_INSTRUCTIONS TO FOLLOW:_
Only one stretch of the data is wanted: the line containing "Ann Taylor dress button down shirt, 2P", the line containing "Cotton and Linen Casual Pants - Image 6", and every line between them, copied exactly.

Records from a collection
┄┄┄┄┄┄┄┄┄┄
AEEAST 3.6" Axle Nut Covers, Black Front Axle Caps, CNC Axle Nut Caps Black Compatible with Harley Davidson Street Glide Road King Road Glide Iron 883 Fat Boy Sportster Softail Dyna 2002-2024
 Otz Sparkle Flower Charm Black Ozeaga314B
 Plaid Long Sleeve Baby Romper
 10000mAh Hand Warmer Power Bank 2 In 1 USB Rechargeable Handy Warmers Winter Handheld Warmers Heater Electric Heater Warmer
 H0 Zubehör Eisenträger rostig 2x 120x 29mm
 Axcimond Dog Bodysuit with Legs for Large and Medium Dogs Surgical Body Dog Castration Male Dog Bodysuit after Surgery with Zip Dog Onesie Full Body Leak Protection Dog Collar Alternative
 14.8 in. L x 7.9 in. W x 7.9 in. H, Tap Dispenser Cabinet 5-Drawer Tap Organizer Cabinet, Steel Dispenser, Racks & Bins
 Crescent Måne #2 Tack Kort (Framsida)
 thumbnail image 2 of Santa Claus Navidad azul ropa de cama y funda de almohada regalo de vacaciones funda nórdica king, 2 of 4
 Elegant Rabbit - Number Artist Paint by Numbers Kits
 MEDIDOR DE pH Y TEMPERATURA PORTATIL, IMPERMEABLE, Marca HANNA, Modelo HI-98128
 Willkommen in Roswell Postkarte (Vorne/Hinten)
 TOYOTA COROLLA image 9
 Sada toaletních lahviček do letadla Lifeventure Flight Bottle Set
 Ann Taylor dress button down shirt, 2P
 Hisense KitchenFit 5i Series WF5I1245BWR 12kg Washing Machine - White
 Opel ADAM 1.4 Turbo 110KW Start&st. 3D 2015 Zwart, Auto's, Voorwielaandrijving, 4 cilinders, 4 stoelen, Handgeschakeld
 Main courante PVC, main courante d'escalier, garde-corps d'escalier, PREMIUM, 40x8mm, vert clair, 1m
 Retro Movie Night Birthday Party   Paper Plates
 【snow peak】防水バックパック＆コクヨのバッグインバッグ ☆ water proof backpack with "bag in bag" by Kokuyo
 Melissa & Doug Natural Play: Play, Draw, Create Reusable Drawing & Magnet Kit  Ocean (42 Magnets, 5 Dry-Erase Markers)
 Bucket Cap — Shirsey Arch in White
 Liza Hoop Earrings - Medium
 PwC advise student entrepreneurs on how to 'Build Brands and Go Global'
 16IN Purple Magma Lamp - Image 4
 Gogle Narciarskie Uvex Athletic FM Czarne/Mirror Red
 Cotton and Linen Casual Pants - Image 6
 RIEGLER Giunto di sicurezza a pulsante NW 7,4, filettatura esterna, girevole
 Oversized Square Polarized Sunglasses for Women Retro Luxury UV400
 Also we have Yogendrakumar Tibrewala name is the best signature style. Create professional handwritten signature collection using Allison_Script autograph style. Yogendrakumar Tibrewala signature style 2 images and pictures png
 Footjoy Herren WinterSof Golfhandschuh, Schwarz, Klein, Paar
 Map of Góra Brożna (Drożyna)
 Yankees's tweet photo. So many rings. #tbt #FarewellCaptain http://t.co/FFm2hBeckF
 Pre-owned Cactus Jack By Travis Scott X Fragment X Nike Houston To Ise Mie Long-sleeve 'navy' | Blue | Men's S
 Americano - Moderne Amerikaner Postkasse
┄┄┄┄┄┄┄┄┄┄
_WRITTEN SOLUTION:_
 Ann Taylor dress button down shirt, 2P
 Hisense KitchenFit 5i Series WF5I1245BWR 12kg Washing Machine - White
 Opel ADAM 1.4 Turbo 110KW Start&st. 3D 2015 Zwart, Auto's, Voorwielaandrijving, 4 cilinders, 4 stoelen, Handgeschakeld
 Main courante PVC, main courante d'escalier, garde-corps d'escalier, PREMIUM, 40x8mm, vert clair, 1m
 Retro Movie Night Birthday Party   Paper Plates
 【snow peak】防水バックパック＆コクヨのバッグインバッグ ☆ water proof backpack with "bag in bag" by Kokuyo
 Melissa & Doug Natural Play: Play, Draw, Create Reusable Drawing & Magnet Kit  Ocean (42 Magnets, 5 Dry-Erase Markers)
 Bucket Cap — Shirsey Arch in White
 Liza Hoop Earrings - Medium
 PwC advise student entrepreneurs on how to 'Build Brands and Go Global'
 16IN Purple Magma Lamp - Image 4
 Gogle Narciarskie Uvex Athletic FM Czarne/Mirror Red
 Cotton and Linen Casual Pants - Image 6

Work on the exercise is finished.